First, let's talk about how quidditch doesn't make a lot of sense. The snitch is worth 150 points and as soon as it's caught, the game is over, regardless of what else happened. The obvious criticism here is that everyone should just look for the snitch, get it found as quick as possible, score the quick 150 and be done with it. So there's obviously something more going on with this silly game. Let's look at it more closely.
The keeper functions like a goalie in muggle sports, except that they are sort of expected to fail. Most muggle sports with a goalkeeper have very low scores. Soccer and hockey commonly have scores of 1-0, for example. But quidditch often has combined scores in the hundreds, meaning an awful lot of those ten-point quaffles go through the hoops. So the keeper doesn't really stop the other team from scoring, they just stop the other team from scoring too much.
The Chasers and Beaters
These guys are where the action is. Their job is to basically fight with each other and score as often as possible. They have weapons. Despite the fact that there are 700 ways to commit a foul in quidditch, there seems to be very little controlling actual gameplay. There is strategy involved, and they have preplanned plays, but for the most part, quidditch is barely-controlled chaos.
The seeker is the position of glory. Front and center in team photos. Cheered for when they catch the snitch. Players in this position are elevated to celebrity status multiple times in the series. The seeker's job is to just catch the snitch. It doesn't matter what else is happening. They don't help score goals. They don't help guard the goalposts. They don't get involved in anything else. They're small and light - often the opposite of what we think of as an athlete.
Krum and The World Cup
In GoF, Krum catches the snitch at the wrong time. The game ends, but his team loses. Even though the seeker did exactly what he was supposed to do (he tricked the other seeker into injuring himself, he stayed focused, he caught the snitch), he did it at the wrong time and his team lost as a result.
Harry and his Quidditch Record
If Harry plays and finishes a game, his team wins. Rowling does a good job disguising this by giving Harry disappointments in other forms immediately following some of his wins (like losing all the bones in his arm, or getting a lifelong ban from Umbridge). If Harry plays, but doesn't finish the game, his team loses.*
Now the Metaphor
Harry is the seeker in the series. At first glance, he's unqualified for the job. He's young, raised in the muggle world, and more than a little unstable. He's the opposite of what most would picture as a wizarding hero. His job is not to get involved in the main conflict - the barely controlled chaos of the fight against the Death Eaters - but to seek out the horcruxes and destroy them. He has to finish this job, or his team will lose. We also find out that he has to truly finish the job by sacrificing himself; if this is done at the wrong time (say... if there were still five horcruxes out there), his team would lose.

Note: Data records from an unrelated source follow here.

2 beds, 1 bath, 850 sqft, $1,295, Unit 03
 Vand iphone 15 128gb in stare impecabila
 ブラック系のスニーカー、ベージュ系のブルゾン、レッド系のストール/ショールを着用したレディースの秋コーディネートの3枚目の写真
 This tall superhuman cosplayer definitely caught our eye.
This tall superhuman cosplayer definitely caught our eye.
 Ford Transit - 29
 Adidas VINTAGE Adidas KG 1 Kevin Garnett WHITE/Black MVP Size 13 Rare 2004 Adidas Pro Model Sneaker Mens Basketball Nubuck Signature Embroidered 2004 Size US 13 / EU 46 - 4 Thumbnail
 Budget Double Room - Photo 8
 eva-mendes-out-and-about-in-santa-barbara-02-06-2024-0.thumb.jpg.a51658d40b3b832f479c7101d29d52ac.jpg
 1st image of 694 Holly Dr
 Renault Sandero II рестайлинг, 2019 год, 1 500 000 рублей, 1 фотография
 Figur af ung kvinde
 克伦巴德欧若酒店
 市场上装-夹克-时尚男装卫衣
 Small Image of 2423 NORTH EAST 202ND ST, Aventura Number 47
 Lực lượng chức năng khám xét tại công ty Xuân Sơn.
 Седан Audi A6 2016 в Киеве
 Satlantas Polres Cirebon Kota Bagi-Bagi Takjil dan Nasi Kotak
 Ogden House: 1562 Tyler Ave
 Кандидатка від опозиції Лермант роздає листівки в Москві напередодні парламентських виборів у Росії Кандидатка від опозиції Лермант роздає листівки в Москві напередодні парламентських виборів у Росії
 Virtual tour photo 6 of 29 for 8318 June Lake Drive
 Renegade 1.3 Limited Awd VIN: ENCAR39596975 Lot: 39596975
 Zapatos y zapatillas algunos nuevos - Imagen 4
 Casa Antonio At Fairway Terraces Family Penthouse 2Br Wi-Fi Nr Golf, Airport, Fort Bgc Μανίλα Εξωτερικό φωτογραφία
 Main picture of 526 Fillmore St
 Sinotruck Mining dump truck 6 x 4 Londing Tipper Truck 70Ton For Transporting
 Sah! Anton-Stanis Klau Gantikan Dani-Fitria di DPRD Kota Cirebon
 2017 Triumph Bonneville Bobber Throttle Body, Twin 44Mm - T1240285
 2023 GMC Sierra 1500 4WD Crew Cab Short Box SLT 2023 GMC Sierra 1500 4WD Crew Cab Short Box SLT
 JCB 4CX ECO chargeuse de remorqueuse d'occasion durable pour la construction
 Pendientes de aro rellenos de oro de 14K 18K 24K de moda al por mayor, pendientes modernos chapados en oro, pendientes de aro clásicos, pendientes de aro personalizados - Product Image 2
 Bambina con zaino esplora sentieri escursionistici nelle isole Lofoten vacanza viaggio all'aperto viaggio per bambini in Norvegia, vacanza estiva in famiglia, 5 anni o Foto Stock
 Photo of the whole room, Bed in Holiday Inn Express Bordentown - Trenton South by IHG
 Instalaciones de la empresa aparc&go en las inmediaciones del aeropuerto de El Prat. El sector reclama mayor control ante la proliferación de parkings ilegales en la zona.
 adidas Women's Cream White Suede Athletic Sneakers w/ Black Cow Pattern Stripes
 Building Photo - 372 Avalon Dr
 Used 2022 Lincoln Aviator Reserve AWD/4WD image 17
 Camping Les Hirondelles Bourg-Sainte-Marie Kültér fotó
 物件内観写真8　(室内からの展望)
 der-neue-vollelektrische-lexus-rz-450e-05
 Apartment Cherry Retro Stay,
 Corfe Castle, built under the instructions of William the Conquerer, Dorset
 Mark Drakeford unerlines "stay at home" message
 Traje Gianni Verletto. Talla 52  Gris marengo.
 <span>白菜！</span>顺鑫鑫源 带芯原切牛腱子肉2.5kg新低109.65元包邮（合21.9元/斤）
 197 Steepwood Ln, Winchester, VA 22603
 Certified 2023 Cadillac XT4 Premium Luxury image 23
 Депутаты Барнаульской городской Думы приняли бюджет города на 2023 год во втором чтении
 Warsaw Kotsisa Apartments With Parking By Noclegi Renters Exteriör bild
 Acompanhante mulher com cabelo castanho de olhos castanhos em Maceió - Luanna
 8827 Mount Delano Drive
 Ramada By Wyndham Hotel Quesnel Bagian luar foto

To take it one step further, Ron is the keeper. I don't think it's a coincidence that he actually plays keeper for Gryffindor, very poorly at first, but then grows in both skill and confidence, after years of wishing he could be on the team. Ron does the same at Harry's side. He wants to be there but gets knocked out by a giant anthropomorphic chess piece, gets blocked out of the chamber of secrets with Lockhart, has his leg broken by Sirius-as-a-dog, and is merely an observer of the Triwizard Tournament. Eventually, though, he fights at the ministry, he battles Death Eaters when they infiltrate Hogwarts, and he fights the good fight throughout DH. He's imperfect, he fails a lot, but he does his job well enough that the other team doesn't do enough damage to stop Harry from winning in the end.
Without Harry doing his job, and doing it right and finishing it, the anti-Voldemort movement has no chance. Even Dumbledore couldn't resist the lure of a horcrux when he tried to destroy it, and it nearly destroyed him. Harry, the seeker, is the only one who can win the game. And he can only do it if he has a full team of people and their weapons fighting the other team, keeping them at bay just enough for him to finish his job at the right time.
*Yes, his team sometimes wins without Harry playing at all. I say this is a function of Rowling trying to tell an interesting story. They have to play a certain number of quidditch matches each year for the sport to make "sense" to us readers. Yet she finds a lot of ways to make sure she doesn't have to write the actual scenes on the page, since she admitted to hating the task of doing so. 1. Why include the sport if you hate writing it? Must be some other reason for it to exist... 2. Having Harry sit out multiple matches provided a lot of character conflict, helped with pacing, and relieved the monotony of sitting through what is basically the same thing over and over again as a reader.